My vocation story begins with being raised in a devout Catholic family just outside of Boston. As a middle child with both an older brother and sister and younger brother and sister, I often joked that by becoming a priest, everyone would have to listen to me. The real impetus to being able to answer the call to the priesthood and religious life unfolded during my college years at Franciscan University in Steubenville OH. It was there that my faith really deepened on a personal level as I pursued studies my studies in Humanities and Theology. Early on in college I asked the big question: ‘God, what do you want for me, for my life?’ There were thoughts of the priesthood, but I never got the AT&T direct call. So, as I was dating someone, again another question came up, “Is this the one? Is marriage where you are calling me?”

Which led me to take a semester studying in Austria to discern my vocation. Long story short, I decided to give God the first shot, knowing the eternal impact the life of a priest could have on so many souls. All signs seemed to point to the seminary to continue discerning that possible call, and I was ordained to the priesthood in 2002.

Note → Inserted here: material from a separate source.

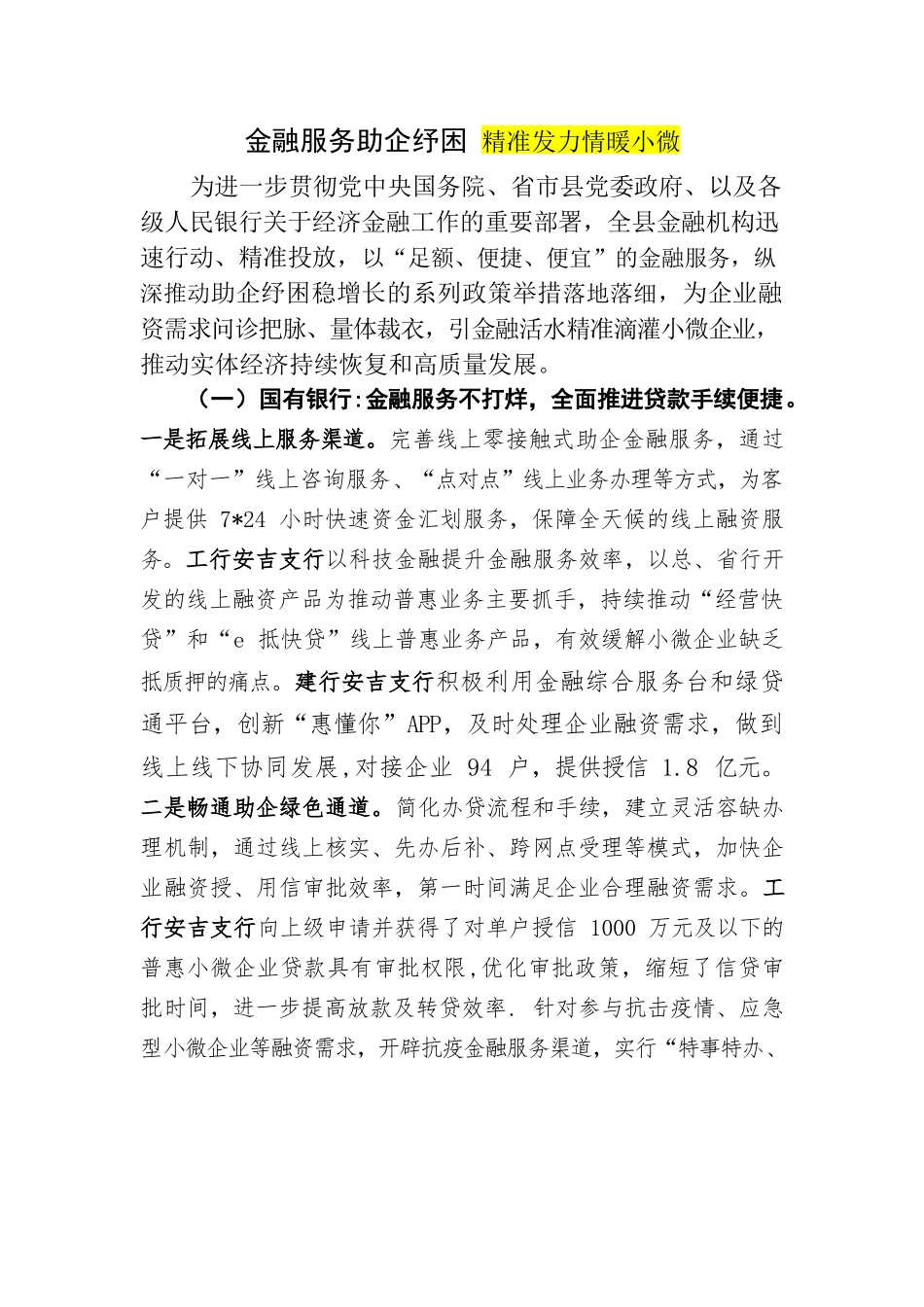 金融服务助企纾困 精准发力情暖小微.docx_第1页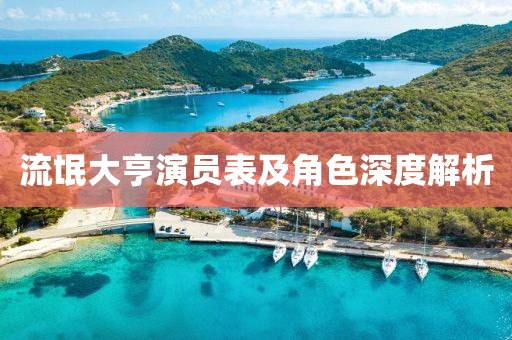 流氓大亨演員表及角色深度解析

Fr. Tom Carzon, OMV pastor, San Pedro Catholic Church

“Love one another, love one another profoundly, and always remain one at heart, whatever it may cost you!” These last words of Venerable Bruno Lanteri drew me to join the Congregation he founded, the Oblates of the Virgin Mary. When I visited the OMV seminary in Boston, the spirit of fraternal charity and esteem impressed me, Lanteri’s spirit alive in his spiritual sons. My desire for the priesthood had been nurtured within my family. Dad was an usher, Mom sang in the choir, my brothers and I were altar servers. Faith was a regular part of family life, from prayer at meals and Sunday Mass, to regular Confession, the Rosary, adoration, Stations of the Cross. Seeing my father go to confession was a powerful witness – that he humbled himself before God to ask forgiveness and the help he needed to lead our family. The example of my parish priests deepened my desire, and twelve years of Catholic education formed my heart and mind to seek and follow the truth of our Catholic faith. I am grateful for the faith and love I have received in so many ways and pray that I might hand them on to others, whatever it may cost.

Fr. Nathan Marzonie, OMV Parochial Vicar, San Pedro Catholic Church

During my last year of college, I almost missed the pivotal moment of my life. After an exhausting day at work, I considered skipping a young adult event at church, but decided to honor my commitment to attend. Arriving late, I knelt by the door during a time of silent prayer before the Blessed Sacrament. Feeling burdened by personal struggles, family dysfunction, and my unknown future, I realized that I didn’t trust God very much. I made a simple prayer entrusting my future to the Lord, promising that I would do whatever he asked and trusting it would be my greatest happiness. I received a gift of spiritual consolation and deep certainty that God was calling me to consecrated life and priesthood. A month later, I met the Oblates of the Virgin Mary; ten years later, I was ordained a priest. God is good and faithful.